Once you find the line with "either use in" in the data below, transcribe exactly each line from there to the line with "I'm going to", inclusive, and nothing else. Drop the pictures.

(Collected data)
'''

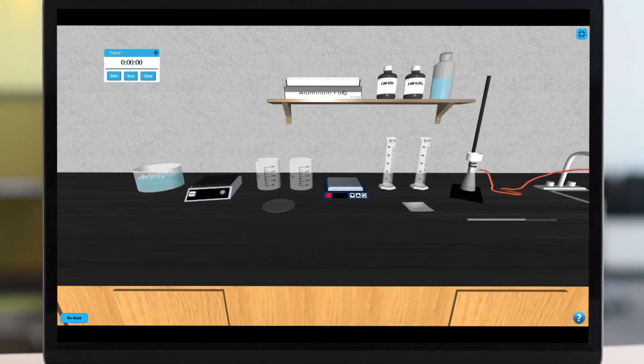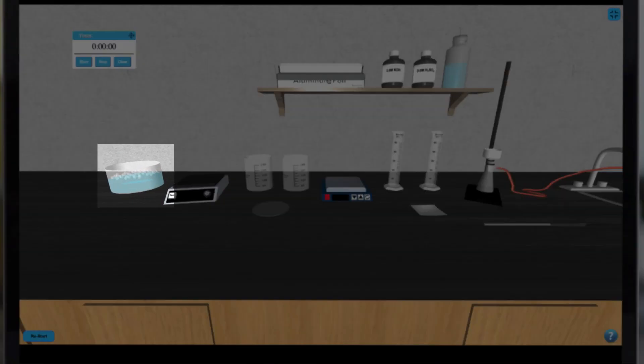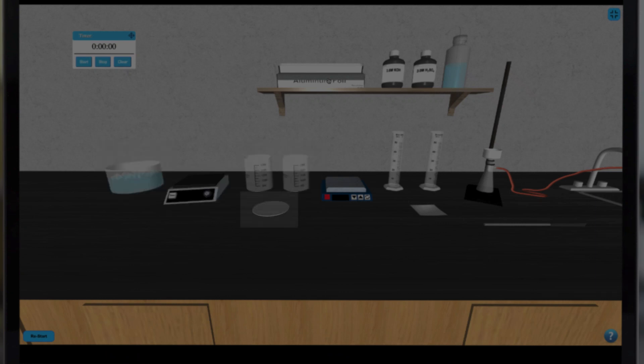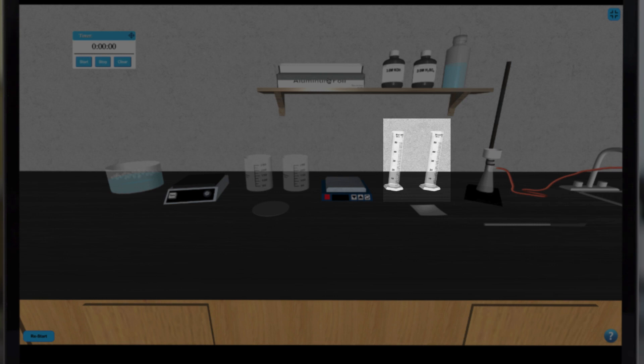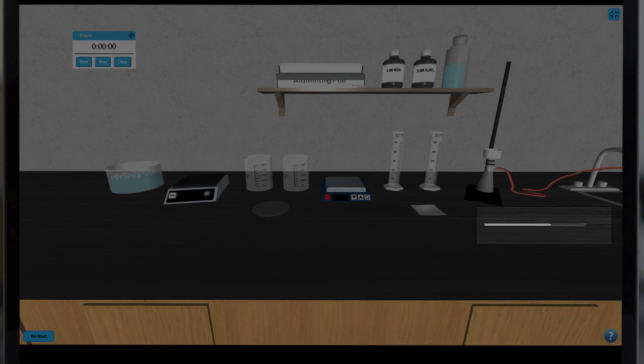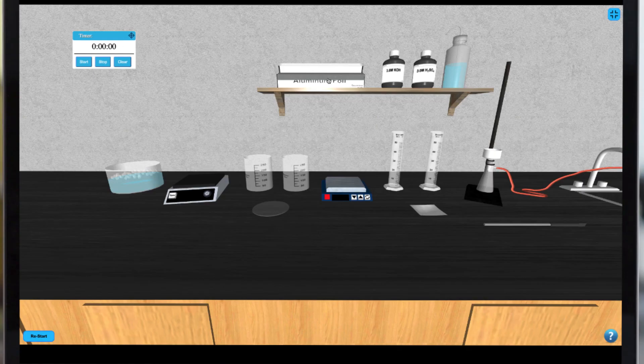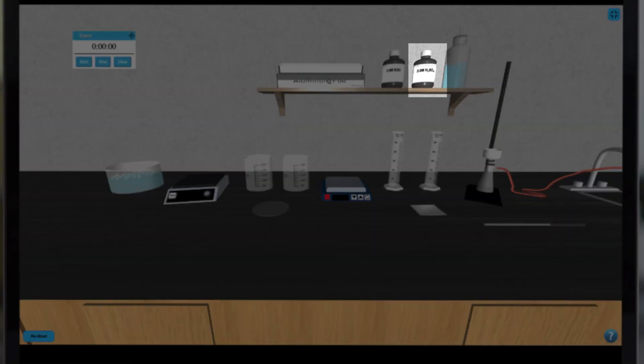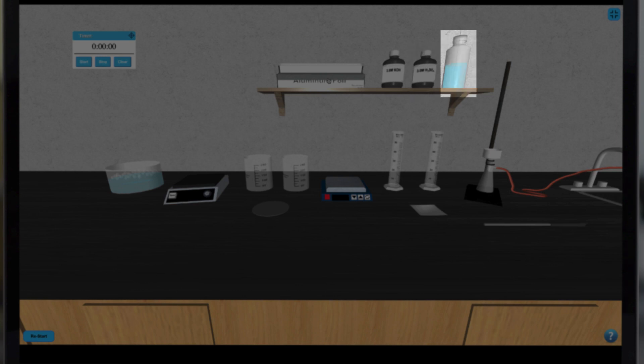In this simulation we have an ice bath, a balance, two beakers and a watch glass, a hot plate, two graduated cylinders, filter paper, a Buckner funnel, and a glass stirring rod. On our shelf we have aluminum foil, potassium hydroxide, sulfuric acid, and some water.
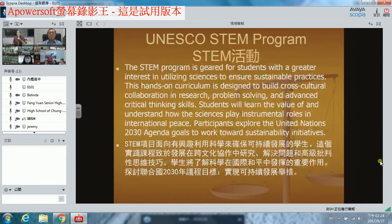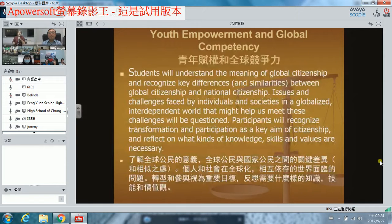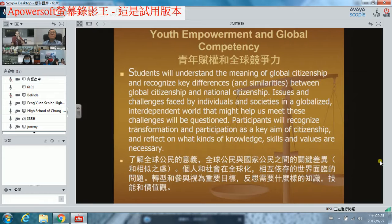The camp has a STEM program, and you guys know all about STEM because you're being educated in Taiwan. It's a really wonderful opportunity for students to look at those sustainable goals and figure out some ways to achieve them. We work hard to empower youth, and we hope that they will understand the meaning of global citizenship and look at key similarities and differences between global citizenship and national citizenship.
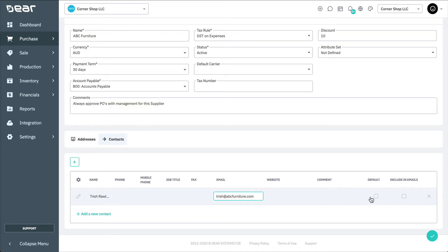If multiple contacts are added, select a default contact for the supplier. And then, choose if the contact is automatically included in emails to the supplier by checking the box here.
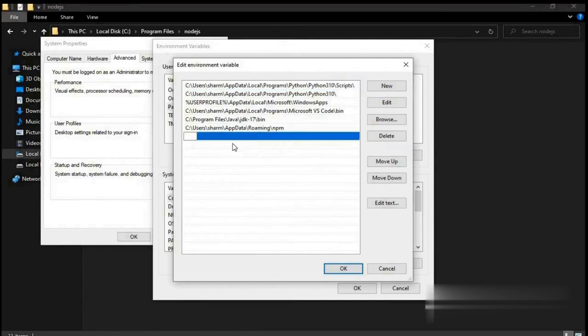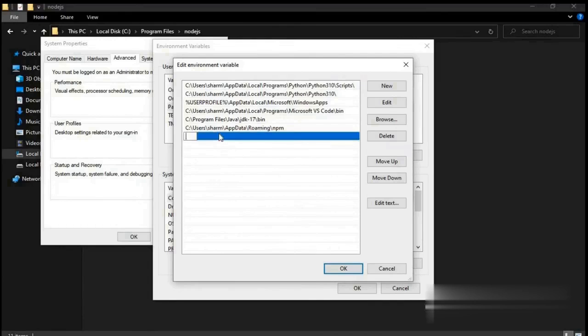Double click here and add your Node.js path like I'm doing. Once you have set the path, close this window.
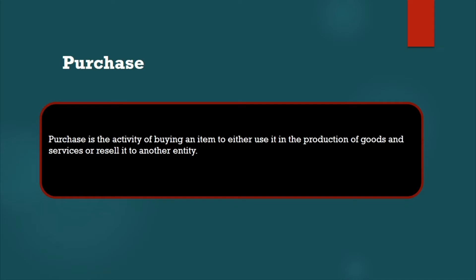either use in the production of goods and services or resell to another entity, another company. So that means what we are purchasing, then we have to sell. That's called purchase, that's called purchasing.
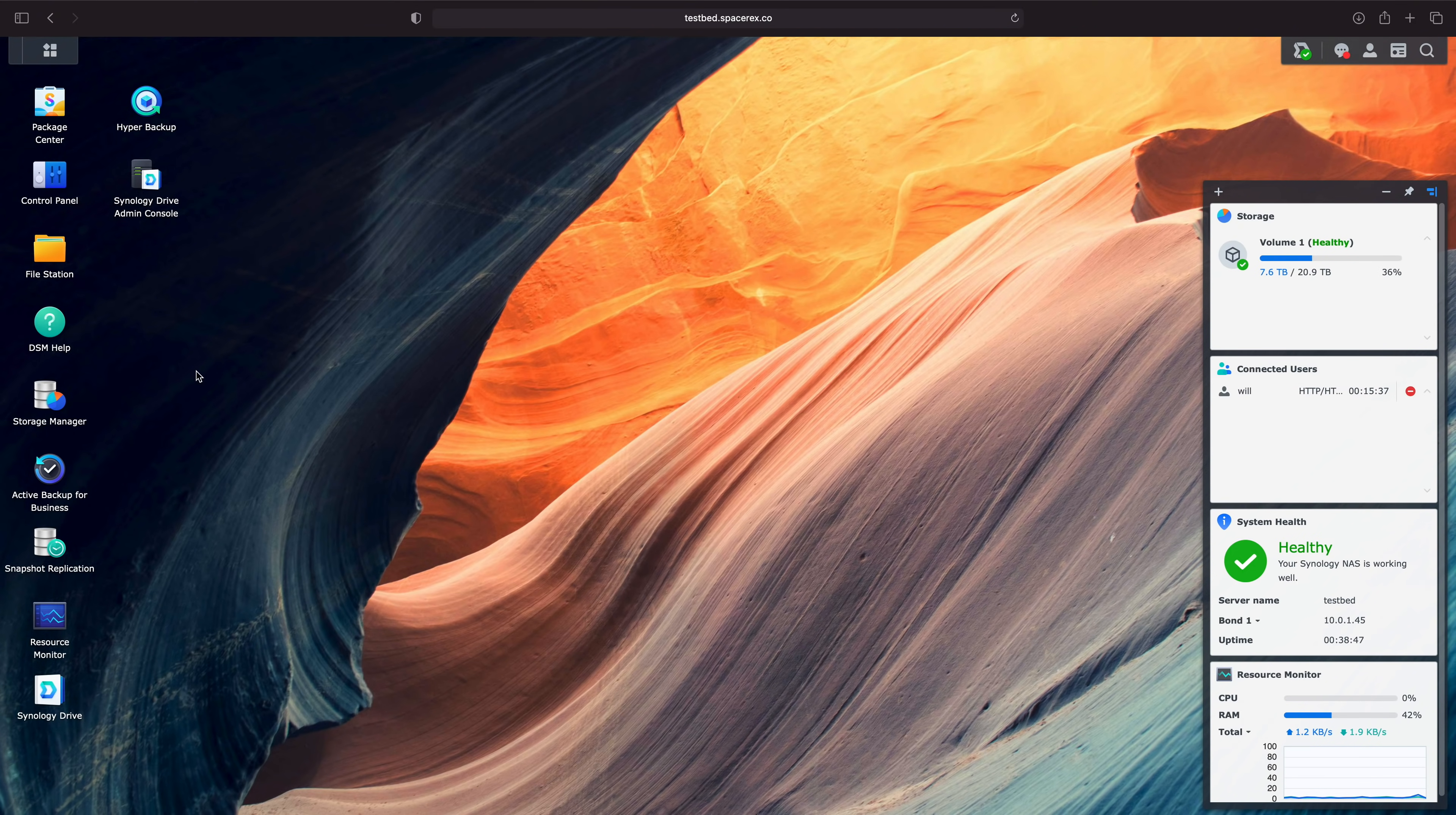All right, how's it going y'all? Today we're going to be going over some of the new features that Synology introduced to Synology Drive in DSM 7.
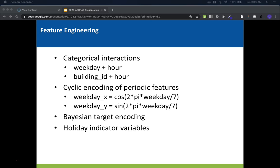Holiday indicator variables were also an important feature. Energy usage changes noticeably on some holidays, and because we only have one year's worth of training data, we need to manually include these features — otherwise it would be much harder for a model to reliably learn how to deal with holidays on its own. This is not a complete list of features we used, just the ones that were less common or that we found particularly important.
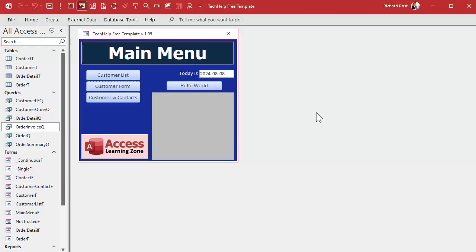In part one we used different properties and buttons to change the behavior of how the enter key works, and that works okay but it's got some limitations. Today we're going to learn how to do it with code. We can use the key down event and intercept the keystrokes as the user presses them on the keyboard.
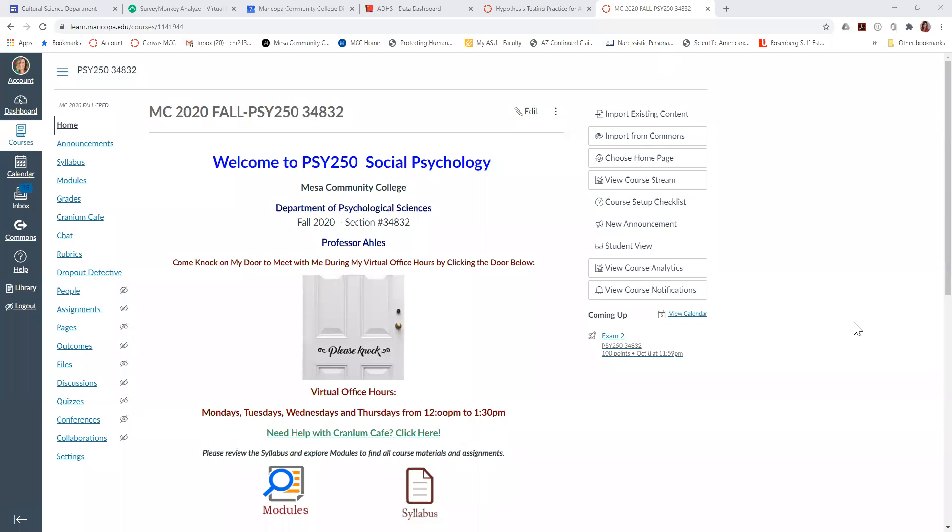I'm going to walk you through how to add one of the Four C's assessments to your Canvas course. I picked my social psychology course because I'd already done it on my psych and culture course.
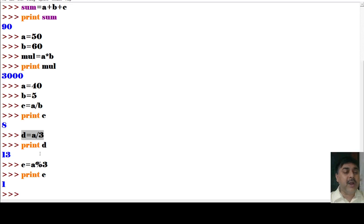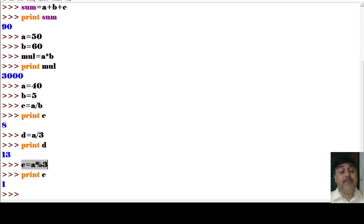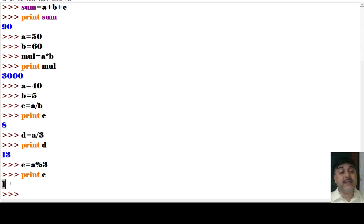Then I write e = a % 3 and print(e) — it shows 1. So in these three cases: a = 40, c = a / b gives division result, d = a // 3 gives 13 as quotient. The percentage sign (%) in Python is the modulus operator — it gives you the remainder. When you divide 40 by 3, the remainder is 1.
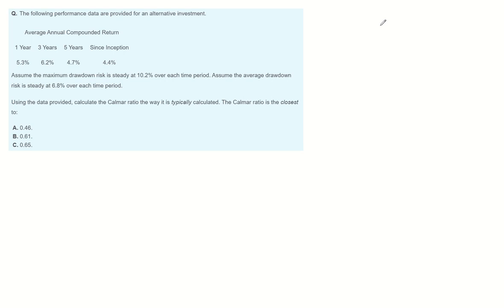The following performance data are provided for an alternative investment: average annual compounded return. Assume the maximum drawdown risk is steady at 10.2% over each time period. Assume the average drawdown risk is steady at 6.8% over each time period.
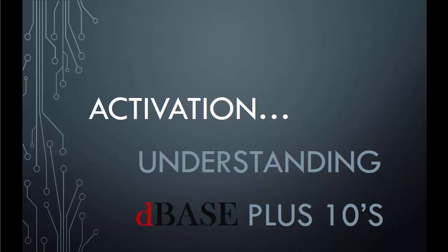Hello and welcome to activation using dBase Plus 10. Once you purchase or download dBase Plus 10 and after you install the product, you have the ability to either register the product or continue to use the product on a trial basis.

'''

▶ **Written reply**:
either use in the production of goods and services or resell to another entity, another company. So that means what we are purchasing, then we have to sell. That's called purchase, that's called purchasing.
All right, how's it going y'all? Today we're going to be going over some of the new features that Synology introduced to Synology Drive in DSM 7.
Holiday indicator variables were also an important feature. Energy usage changes noticeably on some holidays, and because we only have one year's worth of training data, we need to manually include these features — otherwise it would be much harder for a model to reliably learn how to deal with holidays on its own. This is not a complete list of features we used, just the ones that were less common or that we found particularly important.
In part one we used different properties and buttons to change the behavior of how the enter key works, and that works okay but it's got some limitations. Today we're going to learn how to do it with code. We can use the key down event and intercept the keystrokes as the user presses them on the keyboard.
I'm going to walk you through how to add one of the Four C's assessments to your Canvas course. I picked my social psychology course because I'd already done it on my psych and culture course.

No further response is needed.